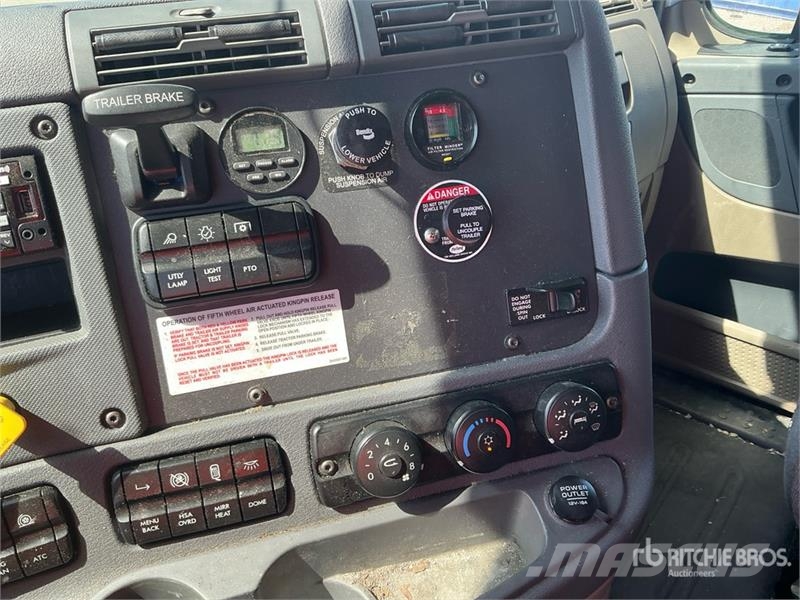 Freightliner Cascadia 113 Sattelzugmaschinen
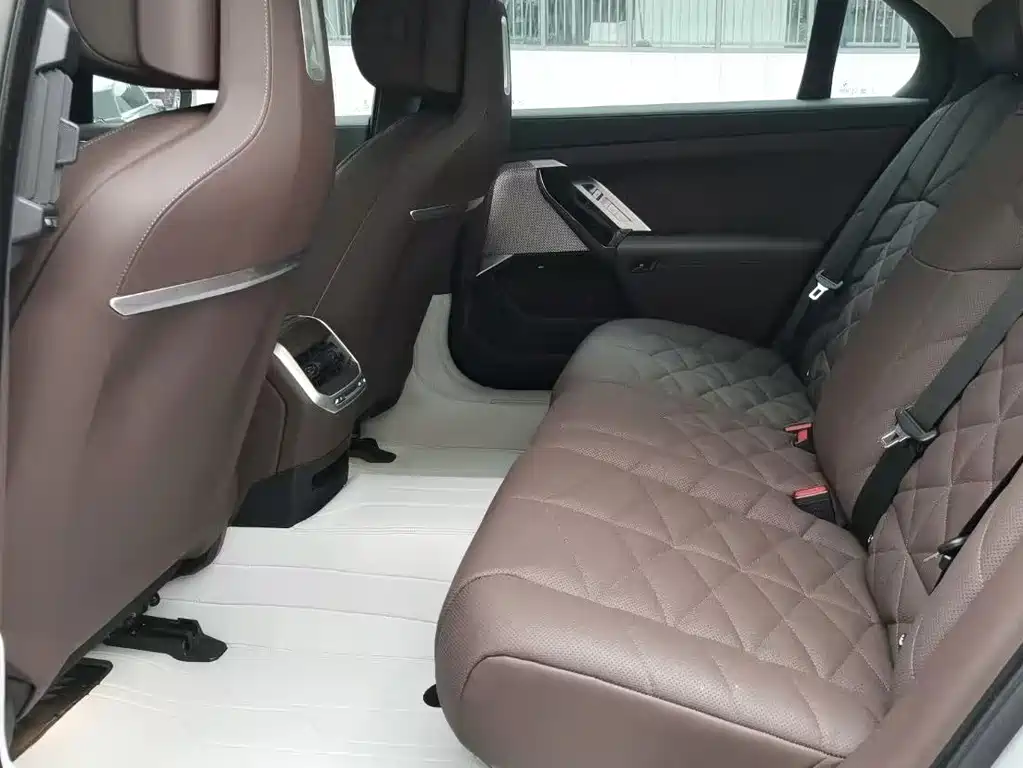 BMW i7 — миниатюра 5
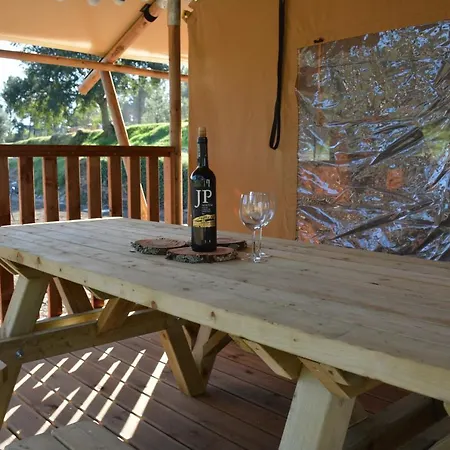 بيت للعطل Quinta Do Rio Alva And Glamping Mouronho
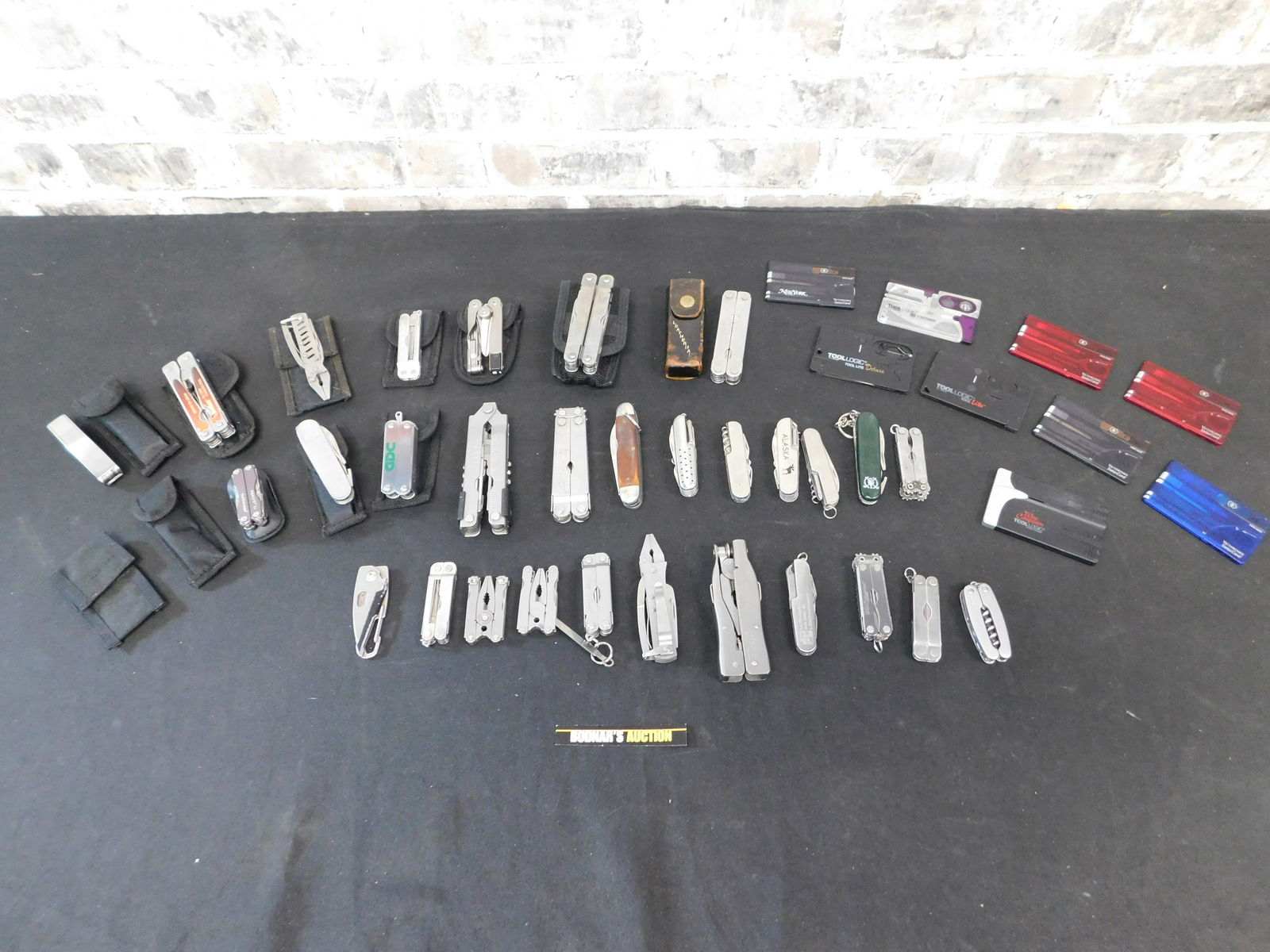 Large Lot of Pocket Knives (1 of 6)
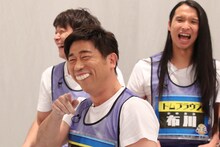 原口あきまさ（手前中央）ら。(c)関西テレビ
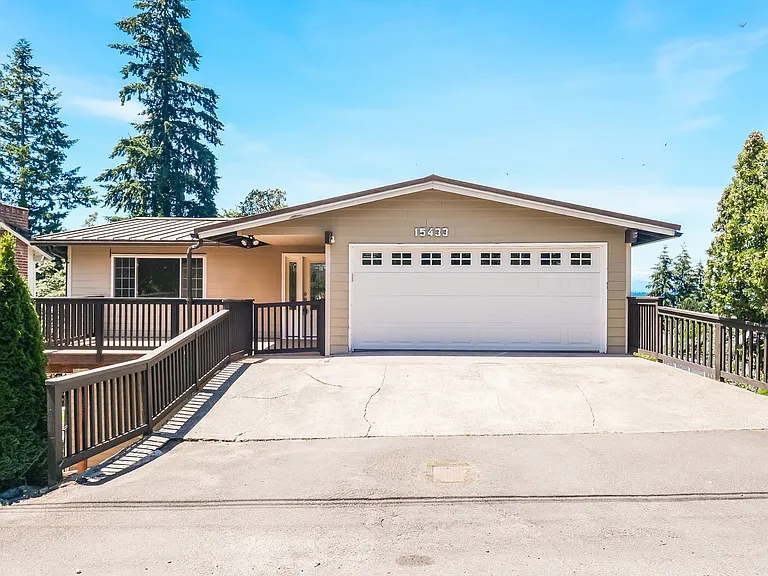 15433 22nd Ave SW — Photo 1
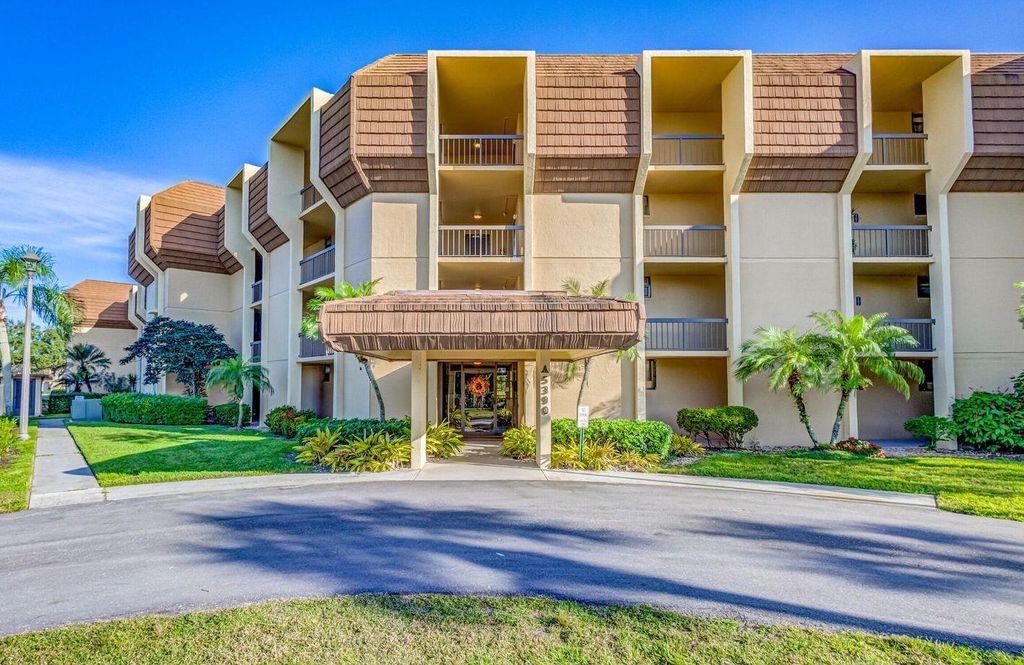 Photo of 5390 Woodland Lakes Drive #105, Palm Beach Gardens, FL 33418 (MLS # R10950513)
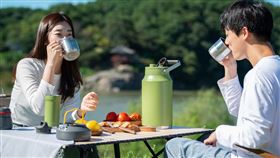 SLO分享杯瓶組、不銹鋼馬克雙杯組及SLO露營冰桶。（圖／品牌業者提供）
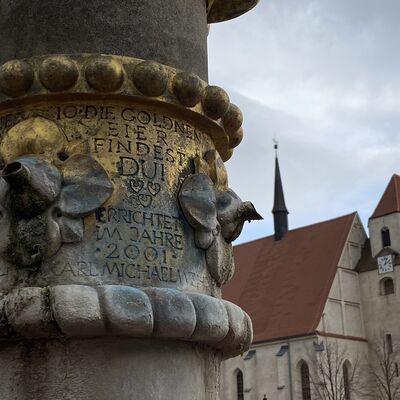 Bild vergrößern: Sagensprüche auf dem Marktbrunnen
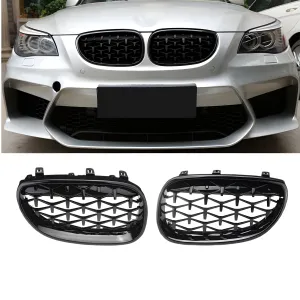 BMW 5 Serisi 2003-2010 (E60) uyumlu E60/E61 Ön Panjur Böbrek Parlak Siyah Piano Black Diamond Model 2003-2009 modelleri Oto Aksesuar Shop'de. Kaliteli malzeme,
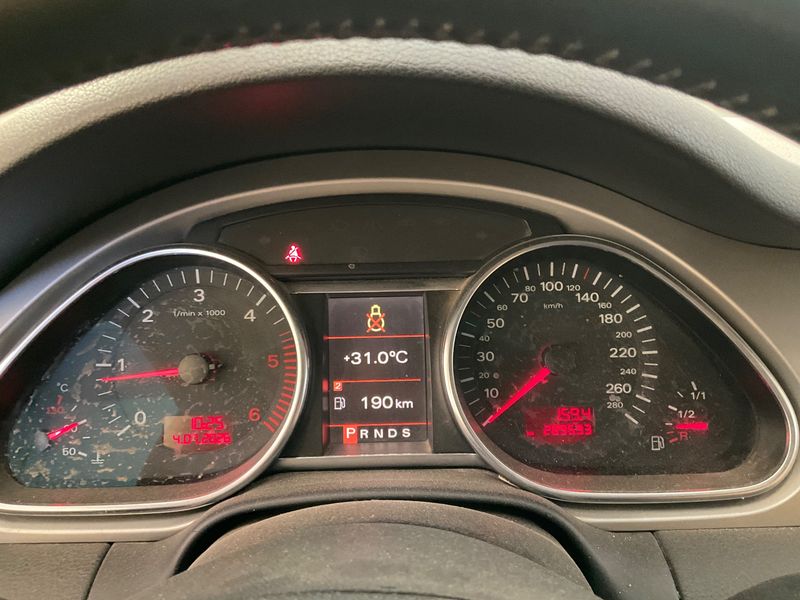 Audi Q7 3.0 V6 TDI quattro 2007 – снимка 13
§
Once the pictures are set aside, repeat the remaining data word for word.

**FINAL ANSWER**
 Freightliner Cascadia 113 Sattelzugmaschinen
 BMW i7 — миниатюра 5
 بيت للعطل Quinta Do Rio Alva And Glamping Mouronho
 Large Lot of Pocket Knives (1 of 6)
 原口あきまさ（手前中央）ら。(c)関西テレビ
 15433 22nd Ave SW — Photo 1
 Photo of 5390 Woodland Lakes Drive #105, Palm Beach Gardens, FL 33418 (MLS # R10950513)
 SLO分享杯瓶組、不銹鋼馬克雙杯組及SLO露營冰桶。（圖／品牌業者提供）
 Bild vergrößern: Sagensprüche auf dem Marktbrunnen
 BMW 5 Serisi 2003-2010 (E60) uyumlu E60/E61 Ön Panjur Böbrek Parlak Siyah Piano Black Diamond Model 2003-2009 modelleri Oto Aksesuar Shop'de. Kaliteli malzeme,
 Audi Q7 3.0 V6 TDI quattro 2007 – снимка 13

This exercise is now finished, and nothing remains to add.